La supplique de la veuve

 

 

 

La

supplique

de la veuve

anonyme

     2 Rois 4 : 1-7

 

Introduction :


La scène se passe au temps du prophète Elisée (9 s. av. J-C.) Il avait reçu le témoin prophétique de la part de son illustre prédécesseur, le prophète Elie. A cette occasion, Elie lui avait dit :

« dis-moi ce que tu veux que je fasse pour toi avant d’être enlevé loin de toi. Elisée répondit : qu’il y ait sur moi une double part de ton esprit. Elie dit : tu demandes quelque chose de difficile.
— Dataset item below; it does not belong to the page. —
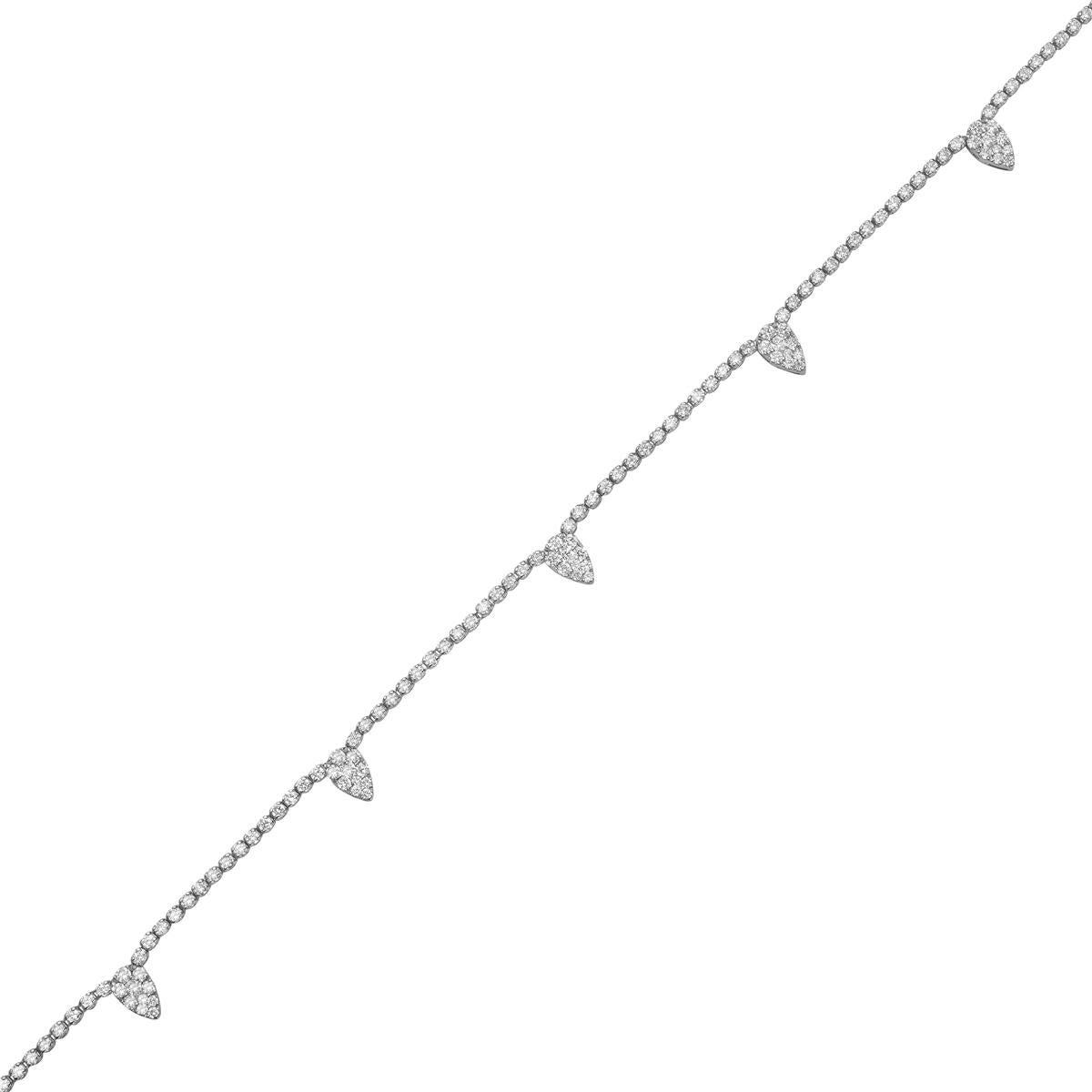 Questa bellissima collana presenta cinque splendidi grappoli a forma di pera che creano un design unico e accattivante. Incastonato nell'oro bianco 14 carati, pesa 5,5 grammi, il che lo rende un pezzo resistente e comodo da indossare. La collana è
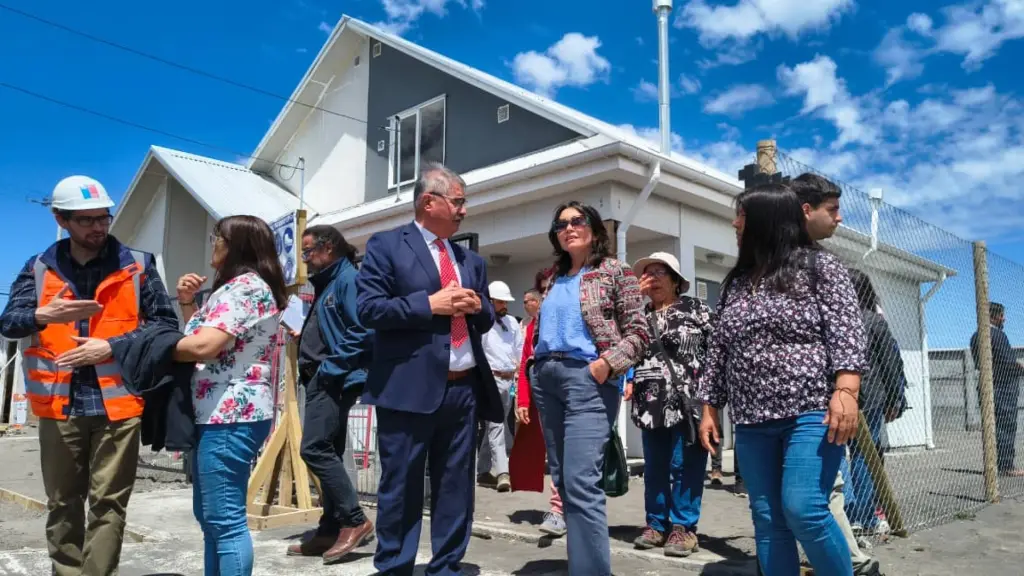 Visita inspectiva a nuevas viviendas, Cedida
Toutefois, si tu peux me voir pendant que je serai enlevé loin de toi, cela t’arrivera. Sinon, cela n’arrivera pas. » 2 Rois 2 : 9-10 (version Vie Nouvelle, Segond 21)

Il était de tradition, au temps des Rois, d’accorder au premier-né, enfant mâle, non seulement le droit d’aînesse, mais encore une double part de tout son avoir. (cf. Deutéronome 21 : 17) Il n’y a donc rien d’étonnant à ce qu’Elisée, se percevant comme le fils spirituel d’Elie, fasse cette demande ! Et, il devint effectivement un prophète puissant en œuvres pour Dieu. Le deuxième livre des Rois nous conte ses miracles spectaculaires (cf. Bible vie nouvelle, Segond 21, éd. 2013, p577). Le premier mentionné nous ramène à notre sujet. Il s’agit de la supplique d’une veuve.


Développement :


D’emblée, le texte nous force à souligner une singularité : cette femme n’a pas de nom. Elle est identifiée comme la femme d’un prophète. Elle avait certainement fait partie de la troupe de prophètes (cf. 2 Rois 4 :38), au temps où son mari était encore vivant (d’ après l’expression du texte hébreu : « d’ entre les femmes des fils des prophètes »). Il faut se rappeler que nous sommes dans le royaume du Nord (Schisme d’Israël en deux royaumes en 930 av. J-C. Un royaume du Nord et un royaume du Sud, peu après la fin de la construction du premier temple de Jérusalem). Une grande tradition prophétique se vivait au travers d’expériences communautaires. (Dans ces écoles de prophètes (cf.1 Samuel 19 : 20), on apprenait à discerner l’origine de l’inspiration. De ce fait, on suppose que les prophètes s’éprouvaient entre eux). Le contexte de ce royaume du Nord n’est pas des plus brillants. Sa chute est déjà programmée. Certes, la dynastie des rois a permis une certaine prospérité, mais il a aussi nourri beaucoup d’inégalités. La situation sociale est plus que préoccupante. Les livres des rois décrivent le processus lent de la décomposition de ce royaume. Comme du temps de Jésus, les gens du Sud, mieux organisé avec un pouvoir bien centralisé à Jérusalem, pensent, que rien de bon ne peut venir du Royaume du Nord. C’est dans cette ambiance que surgit notre récit.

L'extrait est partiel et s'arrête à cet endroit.